EXERCISE BRIEF
What is needed is an exact reproduction of the lines in the records below, starting at the line with "Set divani giardino" and ending at the line with "ATLASDESIGN AQUA РОЗЕТКА", both included, and nothing else; pictures stay out.

━━━━━ AVAILABLE DATA ━━━━━

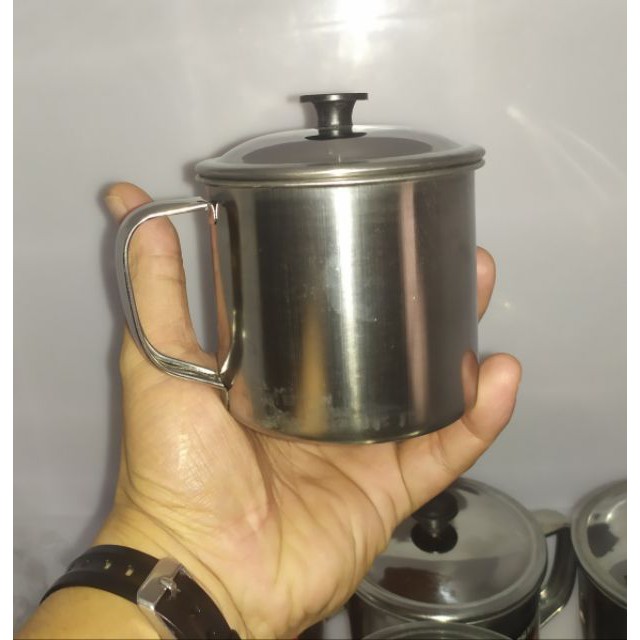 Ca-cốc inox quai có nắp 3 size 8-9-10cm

━━━━━
━━━━━ AVAILABLE DATA ━━━━━

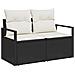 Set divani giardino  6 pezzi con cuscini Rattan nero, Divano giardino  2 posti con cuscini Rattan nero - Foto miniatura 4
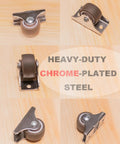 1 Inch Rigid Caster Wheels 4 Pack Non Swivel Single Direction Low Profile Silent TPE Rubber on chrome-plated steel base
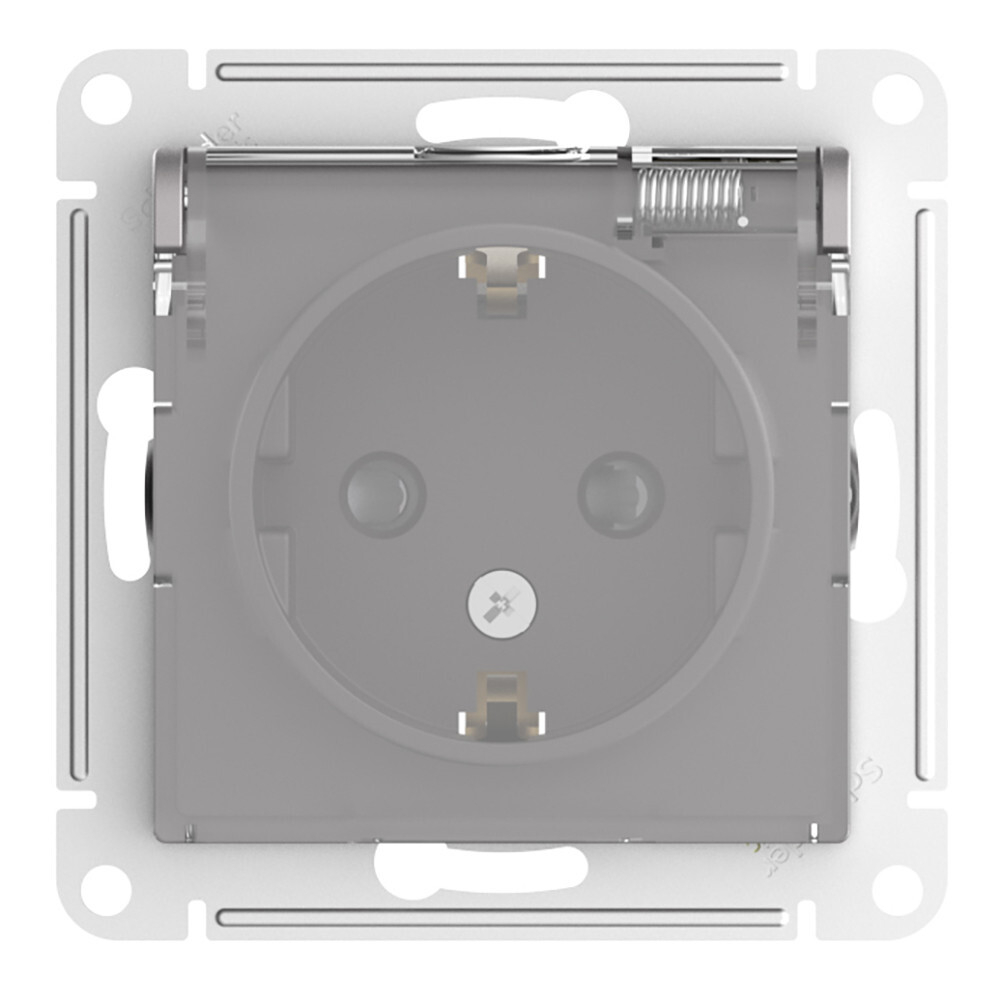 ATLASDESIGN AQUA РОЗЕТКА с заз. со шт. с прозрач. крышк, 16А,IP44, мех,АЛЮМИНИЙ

━━━━━

OUTPUT FOR THIS EXERCISE
 Set divani giardino  6 pezzi con cuscini Rattan nero, Divano giardino  2 posti con cuscini Rattan nero - Foto miniatura 4
 1 Inch Rigid Caster Wheels 4 Pack Non Swivel Single Direction Low Profile Silent TPE Rubber on chrome-plated steel base
 ATLASDESIGN AQUA РОЗЕТКА с заз. со шт. с прозрач. крышк, 16А,IP44, мех,АЛЮМИНИЙ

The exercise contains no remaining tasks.